*** Begin section ***

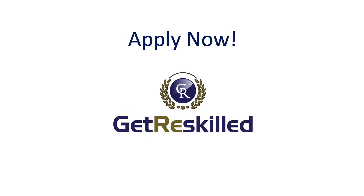If you want to learn more, visit Get Really Skilled today. We look forward to welcoming you as a student. Thanks for watching.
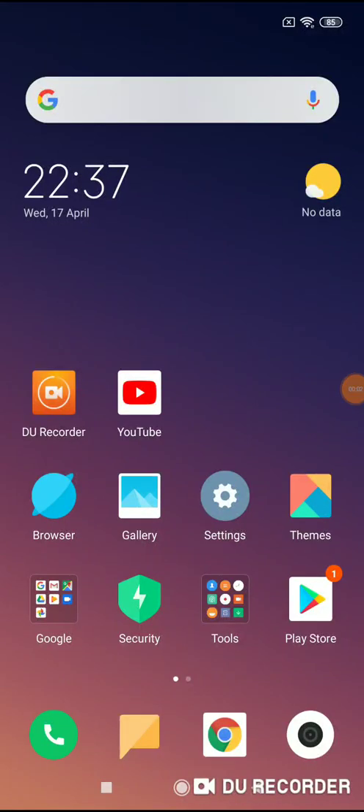Hello, welcome to my channel. Now I will show you how to use one-handed mode on your Xiaomi Note 7 phone.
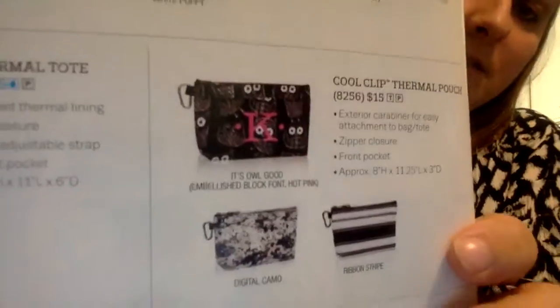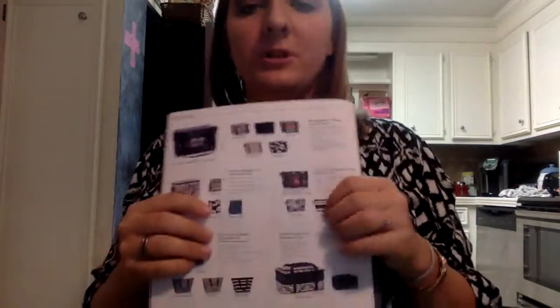This is the owl print for the fall. It comes in three prints: the digital camo print, and the ribbon stripe. Those are the three prints that the Cool Flip Thermal Pouch comes in. Bye.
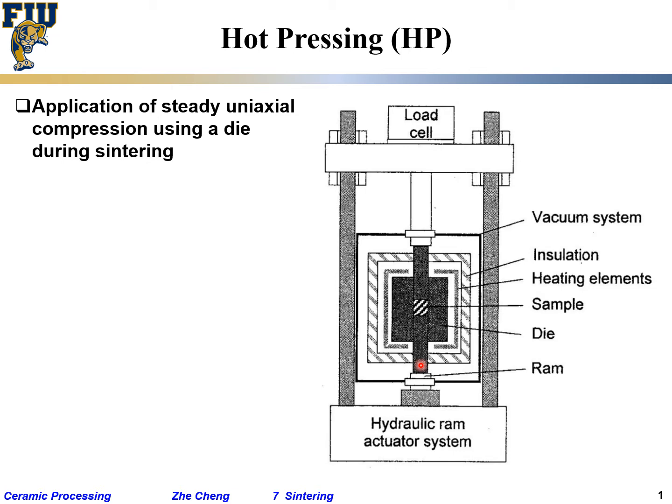Outside the die you have thermal insulation, and within that insulation there are heating elements to provide heat. The ram is the moving part that continuously applies force or compressive stress during sintering — as the part gets shorter and shorter, a hydraulic ram actuator system maintains the pressure.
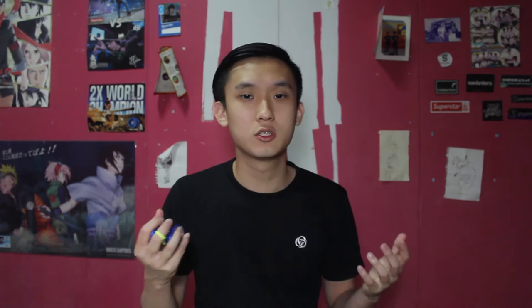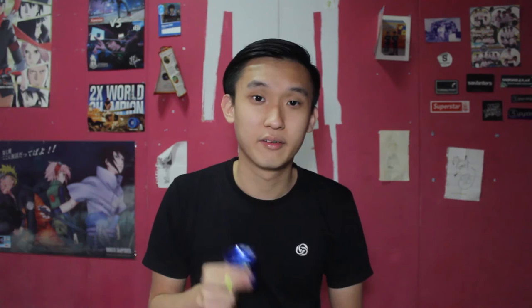A lot of players have asked me: Marcus, what's the difference between a competition yoyo and a standard yoyo? When it comes to competition, competitive players are very particular about the yoyo they use. When choosing a competition yoyo, here is what you should look out for: can your yoyo handle the stress of multiple combos in a freestyle? And more importantly, for players with longer combos, the velocity strength of the yoyo during and after completing your combos — simply put, it's the spinning strength of the yoyo.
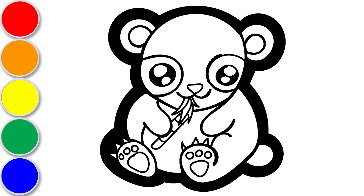Panda bears are black and white, so we're going to color our panda bear black and white too. First, let's paint the black fur.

*** End section ***

**AIM OF THE TASK:** I would like the exact lines from the data above, starting with the one that holds "This is the" and going on through the one that holds "Outside the die", without the pictures.

**ANSWER BOX:**
This is the owl print for the fall. It comes in three prints: the digital camo print, and the ribbon stripe. Those are the three prints that the Cool Flip Thermal Pouch comes in. Bye.
Outside the die you have thermal insulation, and within that insulation there are heating elements to provide heat. The ram is the moving part that continuously applies force or compressive stress during sintering — as the part gets shorter and shorter, a hydraulic ram actuator system maintains the pressure.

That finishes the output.